For a reimage the server will be out of service anyway and having the latest firmware will make reimages smoother (one of the old maps nodes could only PXE boot reliably after I had upgraded the years old firmware).

We could add a new option "--update-firmware" to the reimage cookbook, which check if it's a Dell (since the firmware cookbook doesn't support Supermicro yet) and runs the sre.hardware.upgrade-firmware cookbook before the actual reimage.

(Opened after an IRC discussion with Manuel, adding him as subscriber)

Event Timeline

This comment was removed by Marostegui.
LSobanski triaged this task as Medium priority.Nov 24 2025, 3:52 PM

For a little bit more background we most regularly encounter PXEboot failures due to a firmware version on hosts with Broadcom BCM57412 or BCM57414 NICs.

The known-good firmware version to use on these is 21.85.21.92 (Network_Firmware_RXP80_WN64_21.85.21.92.EXE).

I wonder if we are worried about any wider "blast radius" of changes to systems if it might make sense to identify systems that have this NIC and may be on the wrong firmware version? And only run the provision cookbook in that case? Or possibly do it anyway but always use the -c nic flag to only adjust the NIC firmware?

If we are looking at being safer. Overall the proposal makes sense to me though, I guess we need to ensure the available firmware files are all "known good".

Hey Moritz and Cathal,

Just wanted to add my .02 as someone who's been bitten a few times by the firmware stuff, including writing my own automation to update 80 hosts when I first started in 2022 for T312298.

Speaking as a cookbook user whose team owns about 20% of the fleet, I am not too keen on another non-default flag that's needed 100% of the time for a successful reimage. Sadly, I am absent-minded enough that I can learn about --no82 on Friday, tell my entire team about it, and forget about it completely by Monday. ;(

Admittedly, that's more on me, and y'all have been extremely helpful unblocking me while also working through some very complex networking issues.

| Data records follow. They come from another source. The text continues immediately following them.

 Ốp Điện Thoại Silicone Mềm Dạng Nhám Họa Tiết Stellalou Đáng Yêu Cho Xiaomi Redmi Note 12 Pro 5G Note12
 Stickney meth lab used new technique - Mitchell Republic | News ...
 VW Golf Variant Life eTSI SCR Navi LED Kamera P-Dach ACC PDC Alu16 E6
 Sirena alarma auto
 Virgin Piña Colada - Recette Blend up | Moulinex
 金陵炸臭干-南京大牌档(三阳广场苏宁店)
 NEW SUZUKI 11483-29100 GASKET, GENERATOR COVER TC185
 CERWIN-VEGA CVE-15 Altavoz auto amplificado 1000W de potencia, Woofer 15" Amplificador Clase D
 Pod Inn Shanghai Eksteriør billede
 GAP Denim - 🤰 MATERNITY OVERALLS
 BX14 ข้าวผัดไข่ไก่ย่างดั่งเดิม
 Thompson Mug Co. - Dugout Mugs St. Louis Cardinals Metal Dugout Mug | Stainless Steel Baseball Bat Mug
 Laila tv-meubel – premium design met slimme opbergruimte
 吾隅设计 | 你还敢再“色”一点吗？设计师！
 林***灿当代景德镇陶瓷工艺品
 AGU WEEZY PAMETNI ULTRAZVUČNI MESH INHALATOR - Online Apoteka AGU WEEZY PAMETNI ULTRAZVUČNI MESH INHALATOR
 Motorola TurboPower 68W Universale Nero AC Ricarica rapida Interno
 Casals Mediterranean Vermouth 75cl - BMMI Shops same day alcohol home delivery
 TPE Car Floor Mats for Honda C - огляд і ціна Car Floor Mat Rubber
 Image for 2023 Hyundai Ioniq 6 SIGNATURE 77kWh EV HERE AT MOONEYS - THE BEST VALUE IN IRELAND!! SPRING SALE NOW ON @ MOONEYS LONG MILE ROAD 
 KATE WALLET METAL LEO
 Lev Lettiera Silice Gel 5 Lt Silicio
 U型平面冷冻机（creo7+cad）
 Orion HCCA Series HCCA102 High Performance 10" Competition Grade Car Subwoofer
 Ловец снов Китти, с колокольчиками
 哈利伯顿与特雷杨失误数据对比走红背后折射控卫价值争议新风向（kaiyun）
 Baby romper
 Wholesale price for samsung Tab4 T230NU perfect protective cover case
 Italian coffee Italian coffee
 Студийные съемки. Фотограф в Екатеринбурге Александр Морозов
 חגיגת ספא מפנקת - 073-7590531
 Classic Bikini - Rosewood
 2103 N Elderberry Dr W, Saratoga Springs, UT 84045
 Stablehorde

But I wonder if y'all wouldn't get more mileage out of auditing for old firmware and proactively updating the fleet everywhere? I did that in T331297 and we didn't have to worry about a time bomb waiting for us at the next reimage. Or maybe just warn the user via a banner display (ref https://phabricator.wikimedia.org/T410751#11401347 ) ?

I know DRACs/Redfish are pretty janky, and in my experience the firmware update cookbooks fail about 1/2 of the time. That's why I used Dell's OS-level firmware update scripts in my automation. I've never used it, but maybe Supermicro Update Manager would work better than Redfish?

If we could figure out how to reliably make config changes to DRACs at scale, we could respond more quickly to security issues or critical firmware updates ( T394348 ).